Please print only the top portion of the entries below, ending with the line that contains "Заколка-краб для волосся для волосся", exactly as written.

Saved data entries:
* * *

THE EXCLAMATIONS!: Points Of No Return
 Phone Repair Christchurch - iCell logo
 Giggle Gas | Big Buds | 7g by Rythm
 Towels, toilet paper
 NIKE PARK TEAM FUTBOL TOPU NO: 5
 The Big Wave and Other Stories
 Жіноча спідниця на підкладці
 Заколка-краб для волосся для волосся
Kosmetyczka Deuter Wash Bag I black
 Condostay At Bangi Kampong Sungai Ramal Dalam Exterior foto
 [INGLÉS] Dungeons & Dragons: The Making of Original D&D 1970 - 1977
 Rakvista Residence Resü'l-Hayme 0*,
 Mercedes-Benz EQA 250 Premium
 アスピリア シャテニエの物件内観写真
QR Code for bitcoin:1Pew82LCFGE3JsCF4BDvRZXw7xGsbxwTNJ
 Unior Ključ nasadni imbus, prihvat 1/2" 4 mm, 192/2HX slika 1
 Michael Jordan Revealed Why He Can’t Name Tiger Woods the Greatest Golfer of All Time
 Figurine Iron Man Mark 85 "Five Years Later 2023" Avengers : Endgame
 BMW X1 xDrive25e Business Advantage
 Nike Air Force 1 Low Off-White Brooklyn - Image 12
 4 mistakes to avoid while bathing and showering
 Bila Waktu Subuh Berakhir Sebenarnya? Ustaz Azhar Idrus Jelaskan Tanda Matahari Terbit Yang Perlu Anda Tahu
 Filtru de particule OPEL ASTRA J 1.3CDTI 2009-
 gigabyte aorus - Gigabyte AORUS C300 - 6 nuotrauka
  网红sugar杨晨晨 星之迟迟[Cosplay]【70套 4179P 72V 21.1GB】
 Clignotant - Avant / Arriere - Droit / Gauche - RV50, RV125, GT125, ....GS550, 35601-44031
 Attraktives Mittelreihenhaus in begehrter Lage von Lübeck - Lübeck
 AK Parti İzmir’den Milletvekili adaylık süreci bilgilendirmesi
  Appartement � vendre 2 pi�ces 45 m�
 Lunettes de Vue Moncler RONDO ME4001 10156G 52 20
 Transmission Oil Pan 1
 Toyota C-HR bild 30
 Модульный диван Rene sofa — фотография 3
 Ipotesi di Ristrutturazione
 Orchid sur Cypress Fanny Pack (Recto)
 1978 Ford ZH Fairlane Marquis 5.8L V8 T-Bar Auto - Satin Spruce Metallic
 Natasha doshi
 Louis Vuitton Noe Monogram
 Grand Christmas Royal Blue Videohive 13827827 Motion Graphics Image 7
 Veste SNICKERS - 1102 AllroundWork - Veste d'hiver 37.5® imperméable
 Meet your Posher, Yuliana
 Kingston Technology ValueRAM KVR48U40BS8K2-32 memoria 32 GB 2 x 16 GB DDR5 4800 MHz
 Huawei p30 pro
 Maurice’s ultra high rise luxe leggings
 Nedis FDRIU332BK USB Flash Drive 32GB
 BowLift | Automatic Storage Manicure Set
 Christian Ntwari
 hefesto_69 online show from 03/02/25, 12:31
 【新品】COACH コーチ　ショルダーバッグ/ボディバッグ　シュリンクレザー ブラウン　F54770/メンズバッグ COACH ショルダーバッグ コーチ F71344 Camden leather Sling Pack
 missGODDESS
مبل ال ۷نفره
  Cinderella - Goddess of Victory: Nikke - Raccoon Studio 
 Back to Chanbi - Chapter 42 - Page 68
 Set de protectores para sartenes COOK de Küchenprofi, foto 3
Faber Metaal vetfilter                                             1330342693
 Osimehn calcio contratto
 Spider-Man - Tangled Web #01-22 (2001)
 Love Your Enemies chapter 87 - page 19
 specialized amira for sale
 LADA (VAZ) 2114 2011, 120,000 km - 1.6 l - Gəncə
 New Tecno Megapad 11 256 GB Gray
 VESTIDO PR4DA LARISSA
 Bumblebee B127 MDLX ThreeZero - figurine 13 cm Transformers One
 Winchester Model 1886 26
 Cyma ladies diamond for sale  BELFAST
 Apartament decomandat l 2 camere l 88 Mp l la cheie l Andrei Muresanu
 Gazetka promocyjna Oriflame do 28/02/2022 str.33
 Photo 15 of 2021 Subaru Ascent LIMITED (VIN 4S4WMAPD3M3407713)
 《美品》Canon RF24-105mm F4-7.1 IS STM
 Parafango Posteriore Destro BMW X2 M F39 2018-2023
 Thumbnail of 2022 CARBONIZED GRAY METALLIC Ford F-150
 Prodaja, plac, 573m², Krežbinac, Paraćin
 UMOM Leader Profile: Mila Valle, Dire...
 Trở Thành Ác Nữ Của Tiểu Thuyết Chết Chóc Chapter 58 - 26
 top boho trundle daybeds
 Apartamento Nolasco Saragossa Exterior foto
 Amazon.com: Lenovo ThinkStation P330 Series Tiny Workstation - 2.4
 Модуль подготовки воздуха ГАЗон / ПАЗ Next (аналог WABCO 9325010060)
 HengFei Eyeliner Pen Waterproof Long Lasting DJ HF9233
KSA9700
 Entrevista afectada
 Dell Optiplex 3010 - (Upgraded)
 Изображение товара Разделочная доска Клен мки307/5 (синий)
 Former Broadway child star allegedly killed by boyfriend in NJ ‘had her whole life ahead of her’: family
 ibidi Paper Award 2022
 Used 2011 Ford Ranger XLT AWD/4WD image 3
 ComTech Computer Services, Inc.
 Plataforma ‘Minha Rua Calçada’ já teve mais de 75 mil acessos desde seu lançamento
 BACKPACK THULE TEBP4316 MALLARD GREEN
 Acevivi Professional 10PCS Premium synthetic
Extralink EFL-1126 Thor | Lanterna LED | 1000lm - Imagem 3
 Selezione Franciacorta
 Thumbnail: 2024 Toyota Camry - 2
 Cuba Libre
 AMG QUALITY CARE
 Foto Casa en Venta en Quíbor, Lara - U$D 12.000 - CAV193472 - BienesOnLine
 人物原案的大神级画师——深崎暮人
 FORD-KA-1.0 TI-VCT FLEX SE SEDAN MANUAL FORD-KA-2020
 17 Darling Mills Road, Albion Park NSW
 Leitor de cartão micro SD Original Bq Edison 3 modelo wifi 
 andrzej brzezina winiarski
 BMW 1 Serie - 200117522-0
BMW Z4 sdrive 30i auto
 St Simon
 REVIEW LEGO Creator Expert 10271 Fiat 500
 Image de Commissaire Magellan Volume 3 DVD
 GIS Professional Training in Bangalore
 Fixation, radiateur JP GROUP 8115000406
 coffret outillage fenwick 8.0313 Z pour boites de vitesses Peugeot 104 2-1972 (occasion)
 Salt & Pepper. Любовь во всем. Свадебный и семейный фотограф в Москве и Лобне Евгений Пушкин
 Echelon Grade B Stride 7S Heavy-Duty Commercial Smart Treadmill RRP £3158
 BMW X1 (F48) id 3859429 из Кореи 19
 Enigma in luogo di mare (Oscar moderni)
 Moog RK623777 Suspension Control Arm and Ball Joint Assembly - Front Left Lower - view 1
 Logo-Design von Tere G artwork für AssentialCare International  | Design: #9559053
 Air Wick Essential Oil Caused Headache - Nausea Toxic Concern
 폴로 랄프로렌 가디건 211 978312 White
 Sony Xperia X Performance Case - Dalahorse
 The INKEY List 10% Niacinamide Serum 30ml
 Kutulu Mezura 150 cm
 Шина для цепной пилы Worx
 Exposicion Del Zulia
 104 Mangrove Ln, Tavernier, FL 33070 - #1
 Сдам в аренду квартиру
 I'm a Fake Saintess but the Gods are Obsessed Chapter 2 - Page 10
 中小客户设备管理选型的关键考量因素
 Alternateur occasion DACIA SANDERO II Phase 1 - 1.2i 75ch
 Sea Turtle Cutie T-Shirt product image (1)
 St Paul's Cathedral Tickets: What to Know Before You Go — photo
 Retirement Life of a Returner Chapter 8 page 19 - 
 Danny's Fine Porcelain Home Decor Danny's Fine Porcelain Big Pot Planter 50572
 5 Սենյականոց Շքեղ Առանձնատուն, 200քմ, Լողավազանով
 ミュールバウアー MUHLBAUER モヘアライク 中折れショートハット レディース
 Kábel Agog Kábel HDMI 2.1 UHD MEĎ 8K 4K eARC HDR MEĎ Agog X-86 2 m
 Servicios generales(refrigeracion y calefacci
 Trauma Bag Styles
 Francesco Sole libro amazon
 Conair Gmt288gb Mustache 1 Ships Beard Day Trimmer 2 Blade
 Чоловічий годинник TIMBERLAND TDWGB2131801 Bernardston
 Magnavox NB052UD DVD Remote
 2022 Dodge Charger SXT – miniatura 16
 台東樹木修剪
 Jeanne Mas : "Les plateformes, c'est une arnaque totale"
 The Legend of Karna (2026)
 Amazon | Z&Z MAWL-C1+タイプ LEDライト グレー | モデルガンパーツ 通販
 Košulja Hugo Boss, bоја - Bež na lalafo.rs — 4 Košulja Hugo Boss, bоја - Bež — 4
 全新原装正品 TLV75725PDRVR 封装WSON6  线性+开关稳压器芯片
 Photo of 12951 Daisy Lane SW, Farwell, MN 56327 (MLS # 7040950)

* * *

Response area:
THE EXCLAMATIONS!: Points Of No Return
 Phone Repair Christchurch - iCell logo
 Giggle Gas | Big Buds | 7g by Rythm
 Towels, toilet paper
 NIKE PARK TEAM FUTBOL TOPU NO: 5
 The Big Wave and Other Stories
 Жіноча спідниця на підкладці
 Заколка-краб для волосся для волосся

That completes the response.